The original Half-Life held a very special place in my gaming heart, a place that I’d forgotten about after a decade full of brandishing weapons and then using aforementioned weapons from a first person perspective. In addition to that, I wasn’t a huge fan of the sequel (though I did like the improvements in terms of mechanics) and could never count myself amongst the large group of people praying to their preferred deity in hopes of continuing the exploits of Gordon Freeman. Then, I heard about Black Mesa and decided to take a trip back in time to play a shinier version of a game that was ahead of its time, but now boasted improvements applied in the present day using bits and pieces from a game released in 2004. The time space continuum has just been thrown off track, but trust me when I say it was well worth it.
Exceptional First Impression
I wasn’t sure what to expect from Black Mesa but once that iconic opening sequence began, I was hooked. I remember all to well my confusion the very first time I sat idly by while I was transported through Black Mesa’s underground laboratory, my juvenile brain capacity not quite able (or ready) to grasp the concept of narrative build-up. This time around was quite different and I can honestly admit that I got shivers as I watched scientists mill about while a soothing female voice gave instructions and updates through the intercom. The team behind this total conversion mod did not take any sort of shortcuts when it came to the presentation and I was absolutely blown away by the attention to detail that the introductory scene was given.

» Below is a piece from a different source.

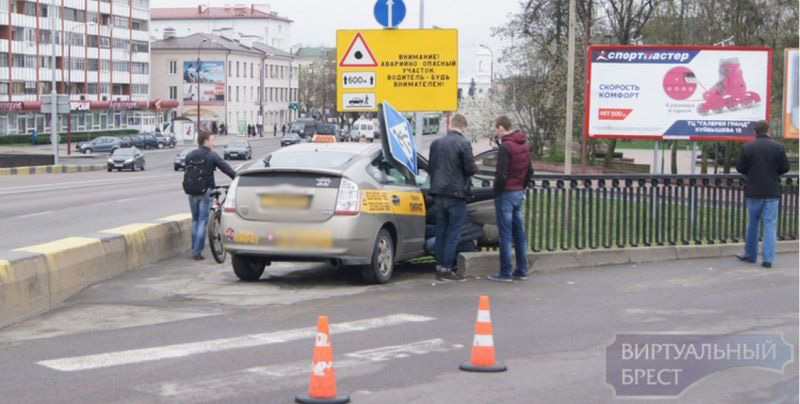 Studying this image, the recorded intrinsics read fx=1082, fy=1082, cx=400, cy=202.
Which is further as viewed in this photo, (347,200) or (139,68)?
(139,68)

A well done title sequence isn’t worth squat, however, if the gameplay isn’t polished or engaging. Despite nostalgia rubbing my inner thigh with its warm and fuzzy fingers, I pressed on with the judgmental eyes of a father meeting his daughter’s teenage boyfriend for the first time. After the doo-doo hit the fan during the reactor sequence, I made my way through the chaos that ensued, the screams of my comrades echoing as everyone tried to make sense of what had gone wrong. I hadn’t quite found the crowbar yet, but did come across a flare as my first encounter to one of the additions to the original game. I wasn’t sure what its purpose was seeing as I had a flashlight (that didn’t run out of battery by the way). Then, the invisible arm carrying the flare out in front of me got too close to a headcrab infested zombie and wouldn’t you know, it burst into flames. It didn’t die immediately, instead clawing about in pain as the flames consumed its corrupted flesh. It eventually died and I could only think of two words to describe the situation; “F***ing awesome!”.
“Oh, it’s you Gordon!”
Interacting with scientists and security guards can be amusing sometimes as, similarly to the original, many share the same whiny voice. Not a point to nitpick as much as a delightful little nugget that sometimes breaks up the insanity that is occurring around you. It’s also nice to be able to lead multiple colleagues around with you, though the AI still can’t quite figure out how to climb ladders or do anything outside of walking up stairs, spouting one-liners and sometimes shooting the holy hell out of anything that moves.
Black Mesa introduces plenty of mechanics that weren’t present in the original, yet none of them make the experience too different or gimmicky as to overshadow what I assume the purpose was. Everything looks and feels tightened or enhanced. I can’t quite differentiate every little alteration since it has been so long since I played either Half-Life game, but that may also speak to how well the alterations were integrated. It’s almost like having peanut butter and jelly for the first time after decades of adult food, only the sandwich you remembered so fondly from your youth now has 5 layers, is wrapped in bacon and has been deep-fried in beer batter.
I continued making my way through the game, half playing, half admiring, though ultimately getting back in the zone once the inhabitants of Xen began to teleport in all over the place. I’d forgotten about this, so it was a definite jump scare the first time a bolt of green suddenly flew through the air towards me. I quickly emptied a couple of clips into a wall before finally sinking some lead into alien flesh. Once the military showed up, things got even more intense as I dodged turrets, hurdled over trip mines and did my best to survive what is still one of the greatest three-way battles in games to date.
The puzzles still feel like they actually belong there, utilizing equipment that would be commonly found in and around a similar facility. This was always one of the key points that made Half-Life stand out as solving a puzzle never quite felt like it did in other games. The added physics included with the Source engine make these never too challenging action-breaks feel even smoother.
Graphically, the game can’t be fairly compared to the heavy hitters of this generation but it still looks pretty nice. In looking back to the advances made since the original was released in 1998, Black Mesa equates to a high-priced Hollywood face-lift. I’ve always been a sucker for remakes, but there’s just something about reliving an experience without having to deal with dated production value.
Playing Black Mesa Source is almost like walking through a refurbished museum of gaming history. Whether it’s the physics-based puzzles that actually make sense, the story line that involves more than a simple objective, or the atmosphere that amounts to a living breathing environment, this is definitely a game to try out regardless of whether you’re a long time fan of the game or a noobie wondering what all the fuss is about. I’m personally excited to spend more time with it and hope the initial excitement never wears off.